Sunday, December 25, 2005

Down the Shoreline

I found myself on the wrong bus one cold rainy day last April. It was headed for a place I detest, a place I have now been to three times in my life, a place with a boardwalk that stretches alongside a sandy shoreline where you can buy salt water taffy and where people walk around in a happy trance from the chiming din of slot machines. Sitting on this bus, I was surrounded on three sides by old ladies in lime-green pantsuits and hairless geezers who believed themselves to be clones of Donald Trump but who were really just sad old tenants on fixed incomes blowing their monthly expendable cash on dreams of glitzy wealth and sexual potency. It occurred to me as the bus roared down the shore highway that I myself might become one of these characters, and not in the far-away future after another long slide down the razor blade of years and outrageous fortunes, but immediately, right here on this trip, that somehow when the bus arrived at the casino gates, I would find myself transmogrified into another hairless geezer clutching a tight roll of twenties and patting the girls on their fannies as I ride the escalator up into the clamorous halls of desperation and longing. But when I finally did descend from the bus and ran to the men’s room to check my hairline in the mirror, I was relieved to find it was intact and that I was still my former self, a discovery that left me with a feeling of joyous liberation, as if my life were beginning anew.

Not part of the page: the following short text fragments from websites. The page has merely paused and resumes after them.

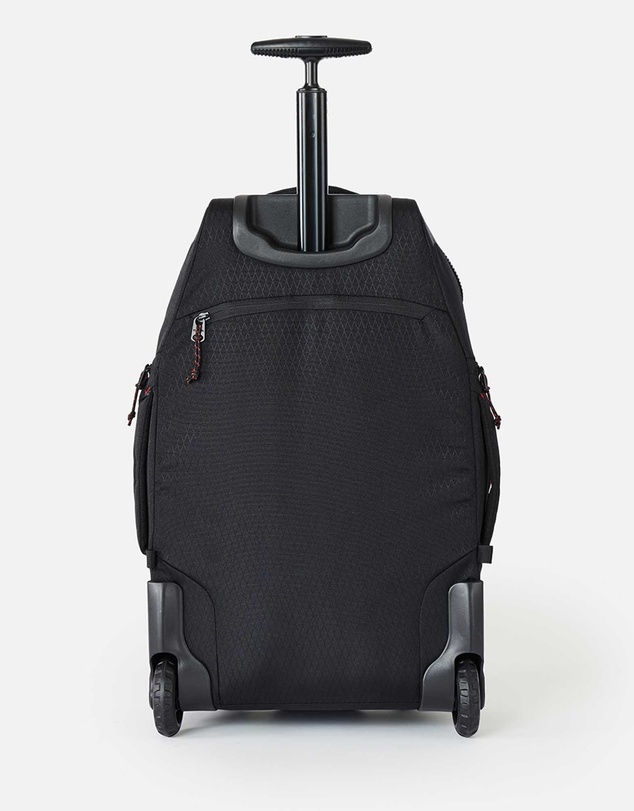 Rip Curl - F-Light Hybrid 32L Cordura Wheeled Travel Bag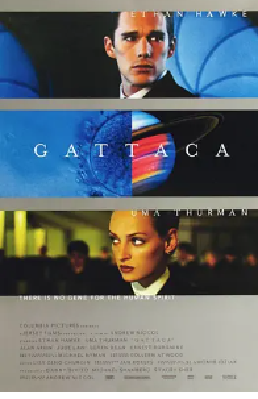 [夸克网盘]千钧一发 Gattaca (1997) 剧情 / 科幻 / 惊悚 美国 英语 / 世界语 豆瓣评分8.8 1.8G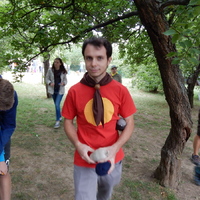 Závěrečná oddílovka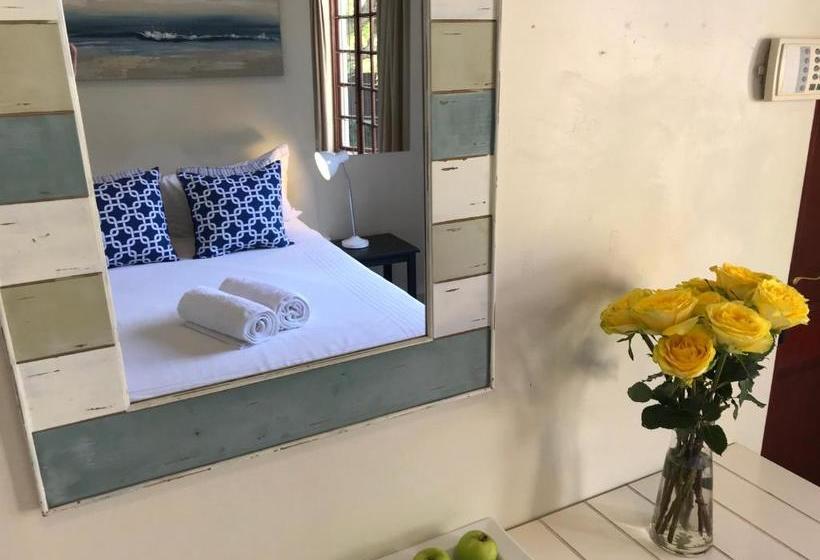 مبيت وإفطار Bishops Guesthouse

Suddenly I saw the whole place in a new light, and started to enjoy myself. For the entire rest of that day, I drank in the sounds and sights of schmaltzy commercialism and reveled in throwing my money away at the tables. I ate a huge steak dinner at the VIP buffet, with all the trimmings, and considered myself the equal of the richest man in town. I hired a rolling chair and glided gently along the length of the boardwalk behind a plastic film that protected me from the rain, and gorged myself on salt water taffy. Later, on the bus back home, I flirted with the girl sitting next to me, a mere child of seventy-six who was dressed in a particularly refreshing shade of green, and felt a faint stirring, a residual memory in the tissues inside my shorts. When I got home I fixed myself a little toddy to extend the day’s exotic sensations and to make up for the dinner that I would not be able to afford until the first of the month, then I put my teeth in the little cup by the bathroom sink, and hit the mattress.